The Evaluation Process¶
- The IP Evaluation Analyst (IEA) scored both IPs on the dual-axis framework
- The Patent Portfolio Assessor (PPA) conducted a prior art search
- The Open Science Compliance Officer (OSC) verified FAIR compliance
- The JV Dependency Auditor (JDA2) checked for cross-project dependency risks
The Result¶
AI-COE-DOCS scored as a star quadrant candidate: - Technical fit: 7.9/10 (complementary documentation capabilities) - Strategic value: 7.7/10 (market demand for AI-assisted documentation)
This led to a formal partnership with shared governance and open IP sharing under the TPL-SHARED template.

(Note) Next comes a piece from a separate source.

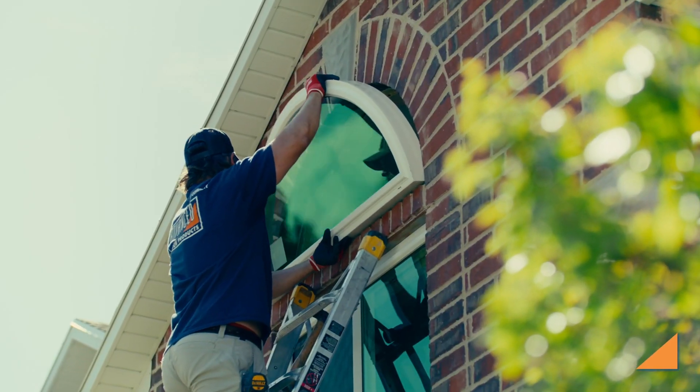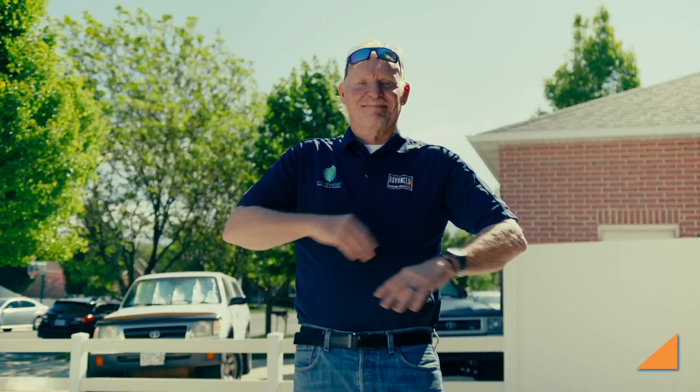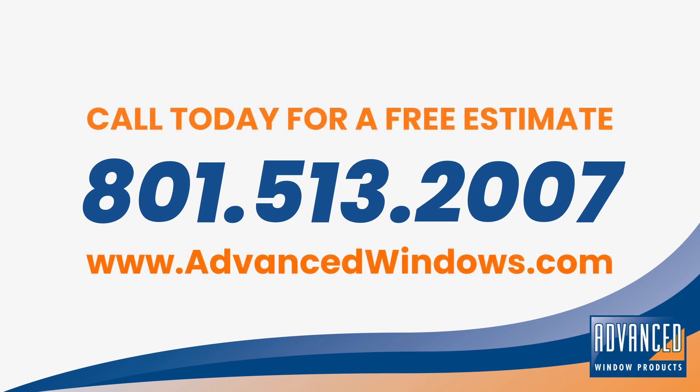Advanced Window Products is Utah's number one replacement window manufacturer, and we are here to help you invest in your home, whether it's replacing broken windows or just updating your home to new window technology. Call us today for a free, no-pressure quote.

IP Reconciliation Across Projects¶
The Problem¶
When two projects share overlapping IP namespaces, identifier conflicts
can arise. For example, both projects might use IP-001 for different
artifacts, or different IDs for the same concept.
Conflict Types¶
| Type | Description | Resolution |
|---|---|---|
| ID collision | Same ID, different artifacts | Prefix with project namespace |
| Name collision | Different IDs, same name | Qualify with project context or merge |
| Duplicate | Same ID and name | Designate canonical source |
The Reconciliation Process¶
The Innovation Registry Steward (IRS) manages reconciliation:
- Load IP registries from both projects
- Detect conflicts (ID collisions, name collisions, duplicates)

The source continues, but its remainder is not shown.